Une marche blanche organisée par l
Une marche blanche organisée par l'association Alehan en avril 2023 au Castellas. (Photo : C.B.)

Une marche blanche organisée par l'association Alehan en avril 2023 au Castellas. (Photo : C.B.)

Le petit cortège de mères, de tantes, de sœurs et de citoyens a rejoint la grande place vide qui tient lieu de centre au quartier du Castellas (14e). “Rejoignez nous ! Ne nous regardez pas ! “, hurle Laetitia qui tient la banderole blanche où on peut lire en lettres noires : “Justice pour les familles ! Stop à la mort de nos enfants“. “Vous nous demandiez pourquoi ça n’avance pas. Regardez !“, dit-elle à l’intention des nombreux journalistes, en montrant les balcons de la grande barre qui surplombe la place. Laetitia est la tante de Rayanne, ce jeune garçon tombé sous les balles d’une arme automatique en août 2021, à l’entrée de la cité des Marronniers. Depuis la grande barre du Castellas, beaucoup la regardent, personne ne la rejoint.

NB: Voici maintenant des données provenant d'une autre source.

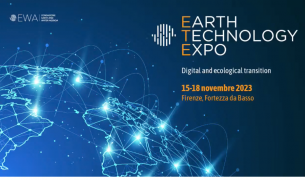Earth Technology Expo 2023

L’association Alehan qui porte la voix des familles et proches de victimes d’assassinats, a spontanément appelé à une marche, au lendemain d’une nuit mortelle, qui a ensanglanté la ville, du piémont de l’Étoile aux rues de la Joliette, en passant par le quartier voisin des Aygalades. En quelques heures, les tueurs ont laissé trois morts sur le bitume : deux aux Castellas, âgés de 21 et 29 ans, puis un autre de 16 ans, tombé sous les balles, avec deux copains de 14 et 15 ans, gravement blessés.

“Un bain de sang” pour la procureure de Marseille

Partout les tirs ont touché. La veille, samedi 1er avril, ils étaient quatre jeunes majeurs devant une épicerie, à proximité de Félix-Pyat (3e), à tomber sous les balles d’une arme à feu, blessés aux jambes. “Un bain de sang”, dira Dominique Laurens, procureur de Marseille lors d’une conférence de presse à l’issue de cette série de drames.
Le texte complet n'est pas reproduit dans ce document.